#### WHAT THE EXERCISE ASKS:
Reproduce exactly the lines of this material that begin at the line with "Katta ko‘k rangli" and end at the line with "金融投资资产监管部门类网站织梦模板（dedecms带手机端）", both included. Omit the pictures and everything else.

── PROVIDED INFORMATION ──

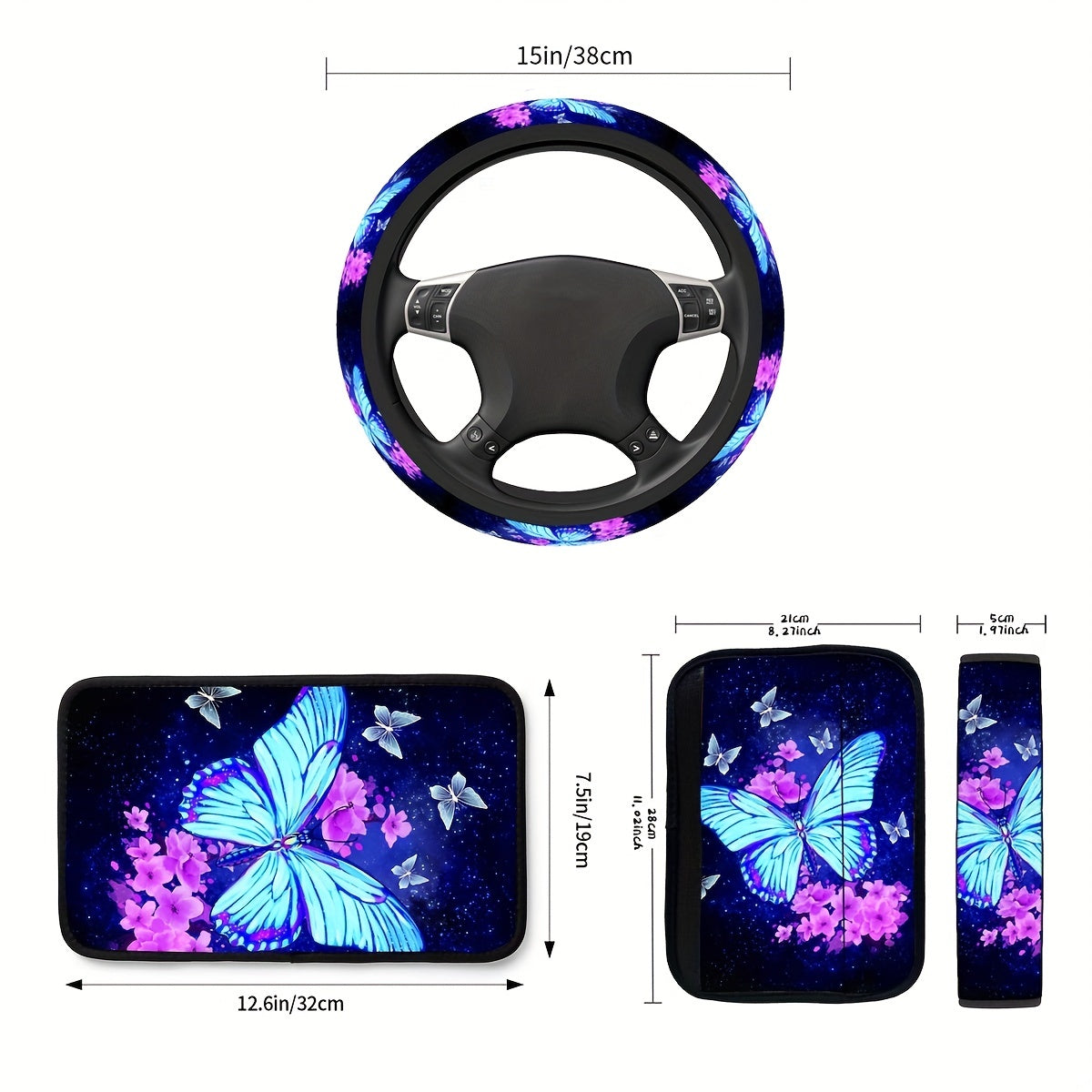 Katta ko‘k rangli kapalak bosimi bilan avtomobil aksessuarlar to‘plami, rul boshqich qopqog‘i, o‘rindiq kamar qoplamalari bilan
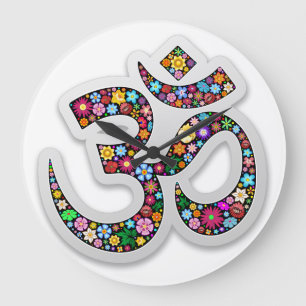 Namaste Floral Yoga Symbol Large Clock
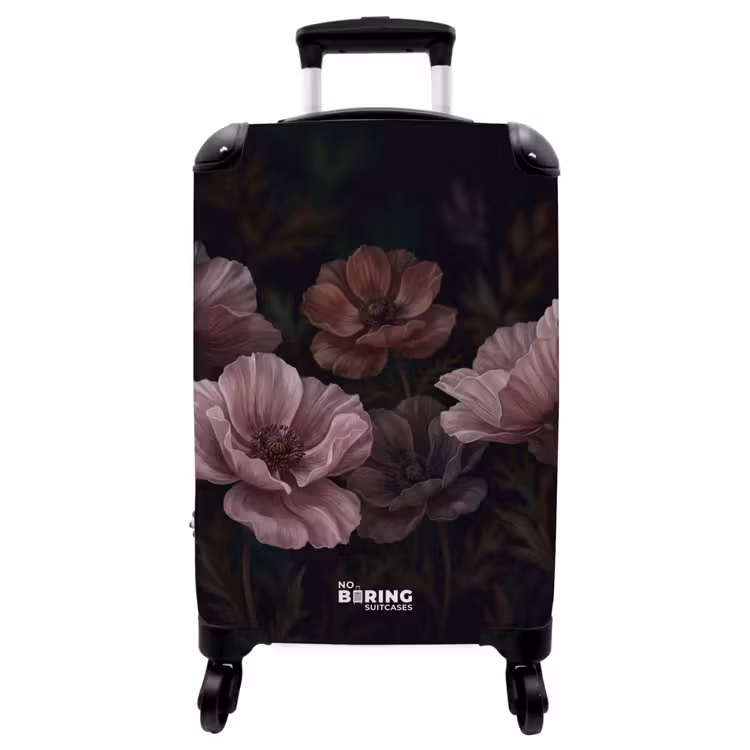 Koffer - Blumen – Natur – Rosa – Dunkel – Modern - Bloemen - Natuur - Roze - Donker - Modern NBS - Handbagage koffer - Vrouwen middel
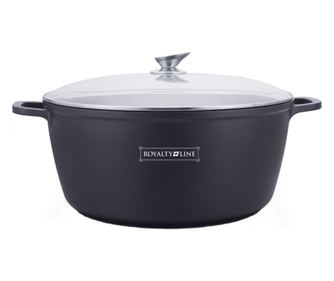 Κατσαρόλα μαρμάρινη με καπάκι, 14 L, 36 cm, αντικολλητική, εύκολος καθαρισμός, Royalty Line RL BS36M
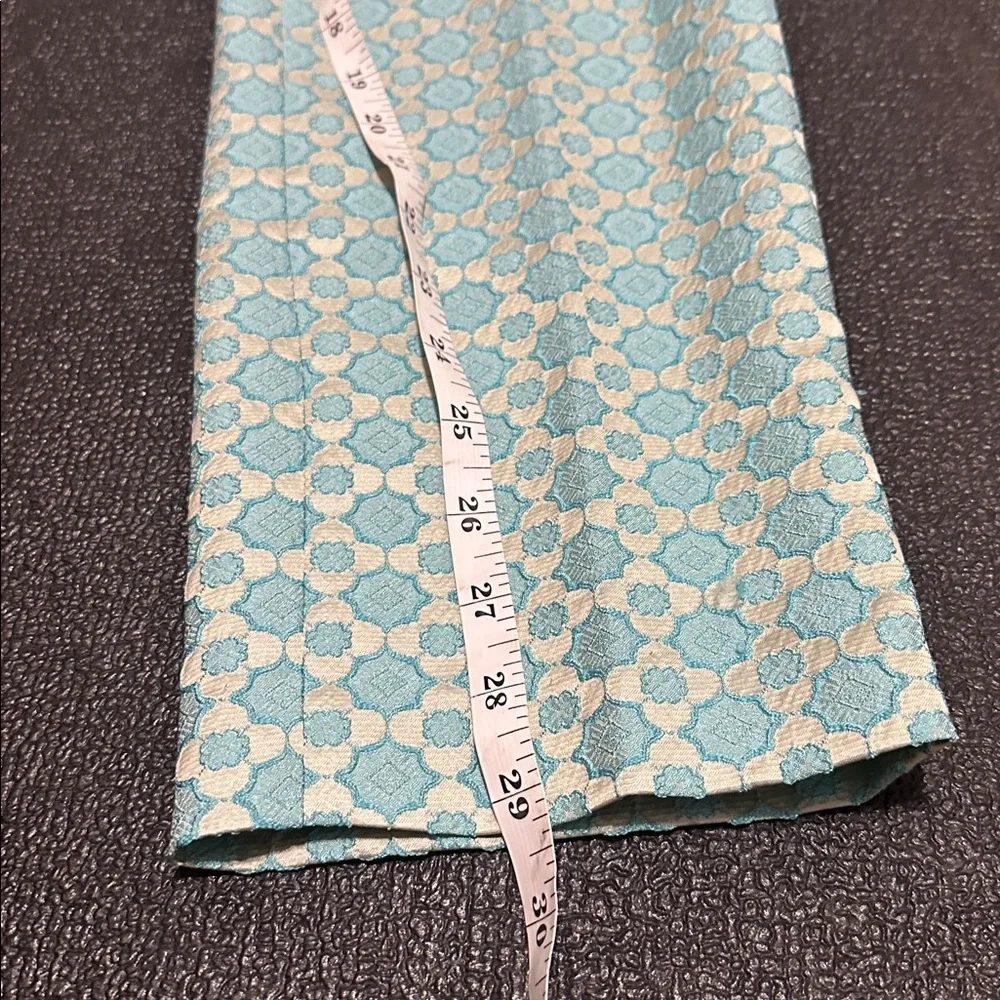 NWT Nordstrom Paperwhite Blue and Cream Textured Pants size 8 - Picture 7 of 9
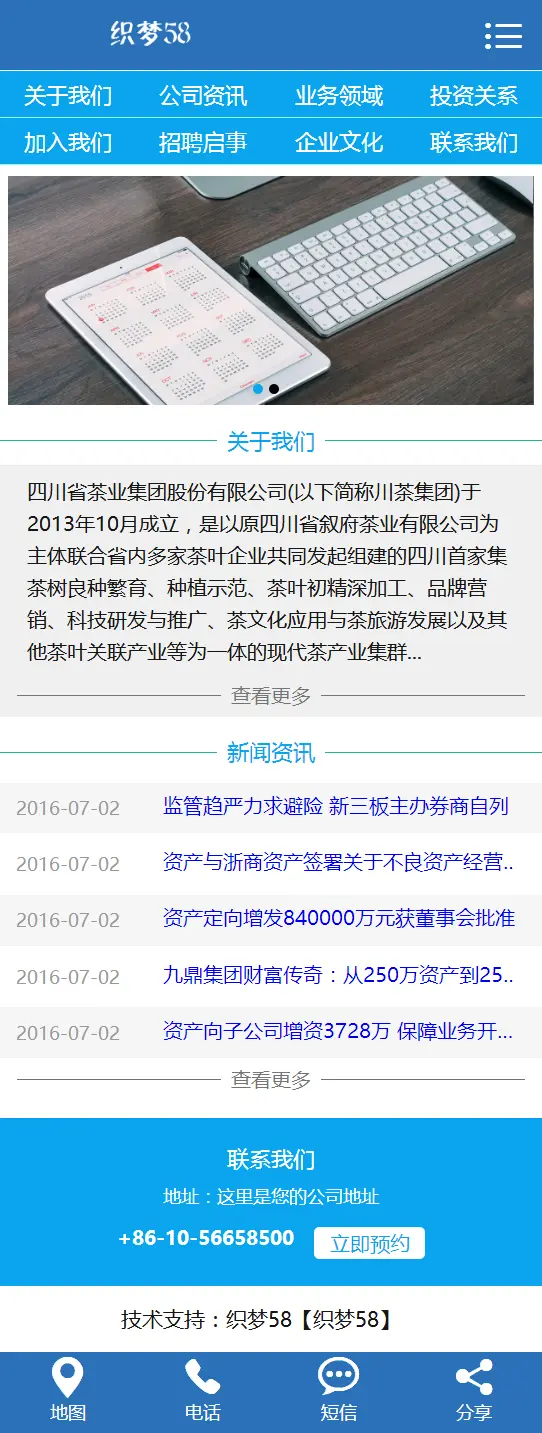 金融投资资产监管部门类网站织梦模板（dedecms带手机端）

───
── PROVIDED INFORMATION ──

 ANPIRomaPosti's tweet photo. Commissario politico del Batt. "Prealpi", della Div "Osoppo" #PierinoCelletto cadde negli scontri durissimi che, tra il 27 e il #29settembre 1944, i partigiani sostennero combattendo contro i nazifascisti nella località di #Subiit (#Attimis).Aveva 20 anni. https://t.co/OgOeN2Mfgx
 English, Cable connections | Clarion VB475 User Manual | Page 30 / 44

───

#### ANSWER FOR THE TASK:
 Katta ko‘k rangli kapalak bosimi bilan avtomobil aksessuarlar to‘plami, rul boshqich qopqog‘i, o‘rindiq kamar qoplamalari bilan
 Namaste Floral Yoga Symbol Large Clock
 Koffer - Blumen – Natur – Rosa – Dunkel – Modern - Bloemen - Natuur - Roze - Donker - Modern NBS - Handbagage koffer - Vrouwen middel
 Κατσαρόλα μαρμάρινη με καπάκι, 14 L, 36 cm, αντικολλητική, εύκολος καθαρισμός, Royalty Line RL BS36M
 NWT Nordstrom Paperwhite Blue and Cream Textured Pants size 8 - Picture 7 of 9
 金融投资资产监管部门类网站织梦模板（dedecms带手机端）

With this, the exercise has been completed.